[[ Information open ]]
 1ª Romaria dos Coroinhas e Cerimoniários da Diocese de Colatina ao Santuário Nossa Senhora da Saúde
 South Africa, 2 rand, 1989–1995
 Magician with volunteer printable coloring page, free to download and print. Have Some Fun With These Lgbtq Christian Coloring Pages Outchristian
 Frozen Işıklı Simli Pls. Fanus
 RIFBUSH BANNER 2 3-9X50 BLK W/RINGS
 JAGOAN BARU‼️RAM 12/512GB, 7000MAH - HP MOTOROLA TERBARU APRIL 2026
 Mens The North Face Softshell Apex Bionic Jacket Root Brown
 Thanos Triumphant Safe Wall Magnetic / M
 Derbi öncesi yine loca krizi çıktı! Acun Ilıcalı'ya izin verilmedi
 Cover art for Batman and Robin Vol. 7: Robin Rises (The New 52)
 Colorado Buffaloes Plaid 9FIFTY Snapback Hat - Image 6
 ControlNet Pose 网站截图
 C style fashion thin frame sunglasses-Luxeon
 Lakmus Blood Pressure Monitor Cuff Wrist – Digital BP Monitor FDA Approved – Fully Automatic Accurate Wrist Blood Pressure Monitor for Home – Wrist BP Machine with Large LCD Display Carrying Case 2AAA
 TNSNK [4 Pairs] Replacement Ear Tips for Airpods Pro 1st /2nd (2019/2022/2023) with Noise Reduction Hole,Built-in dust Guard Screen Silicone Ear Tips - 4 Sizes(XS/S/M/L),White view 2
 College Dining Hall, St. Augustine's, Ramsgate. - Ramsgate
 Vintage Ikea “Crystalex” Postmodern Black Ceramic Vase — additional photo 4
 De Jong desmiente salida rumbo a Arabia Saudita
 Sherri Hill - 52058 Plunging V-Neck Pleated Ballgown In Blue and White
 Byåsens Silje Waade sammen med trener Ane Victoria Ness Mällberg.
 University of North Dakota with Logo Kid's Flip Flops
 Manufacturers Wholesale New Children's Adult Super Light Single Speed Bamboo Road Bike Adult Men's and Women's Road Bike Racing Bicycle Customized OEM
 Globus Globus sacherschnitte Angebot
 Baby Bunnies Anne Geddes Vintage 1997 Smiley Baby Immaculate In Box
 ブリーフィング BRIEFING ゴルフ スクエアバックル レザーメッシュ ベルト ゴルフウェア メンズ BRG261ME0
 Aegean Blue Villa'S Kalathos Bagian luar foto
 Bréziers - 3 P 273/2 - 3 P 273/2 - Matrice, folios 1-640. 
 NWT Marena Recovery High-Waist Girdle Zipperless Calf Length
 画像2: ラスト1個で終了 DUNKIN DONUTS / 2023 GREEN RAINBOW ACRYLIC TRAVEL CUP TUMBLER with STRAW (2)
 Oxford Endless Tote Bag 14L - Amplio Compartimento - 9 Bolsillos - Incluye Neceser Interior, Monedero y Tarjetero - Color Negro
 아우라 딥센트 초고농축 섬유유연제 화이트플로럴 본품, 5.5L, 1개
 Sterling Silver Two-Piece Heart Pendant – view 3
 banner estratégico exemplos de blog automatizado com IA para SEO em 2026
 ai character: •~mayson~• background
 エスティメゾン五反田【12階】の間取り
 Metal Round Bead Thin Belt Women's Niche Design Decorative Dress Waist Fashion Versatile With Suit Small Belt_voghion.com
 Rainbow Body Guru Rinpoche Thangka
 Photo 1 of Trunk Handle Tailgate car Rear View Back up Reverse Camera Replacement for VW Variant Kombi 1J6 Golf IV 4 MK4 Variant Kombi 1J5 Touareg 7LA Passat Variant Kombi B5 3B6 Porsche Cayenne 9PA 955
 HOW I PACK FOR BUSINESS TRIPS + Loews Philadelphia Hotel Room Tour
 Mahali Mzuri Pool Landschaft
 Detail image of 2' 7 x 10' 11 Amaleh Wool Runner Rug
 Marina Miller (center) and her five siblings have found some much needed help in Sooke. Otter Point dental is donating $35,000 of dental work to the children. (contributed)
[[ Information closed ]]
■ **Exercise**
Which of the lines in the data hold the string "North"? Report each of them by copying it.

■ **Output for this exercise**
 Mens The North Face Softshell Apex Bionic Jacket Root Brown
 University of North Dakota with Logo Kid's Flip Flops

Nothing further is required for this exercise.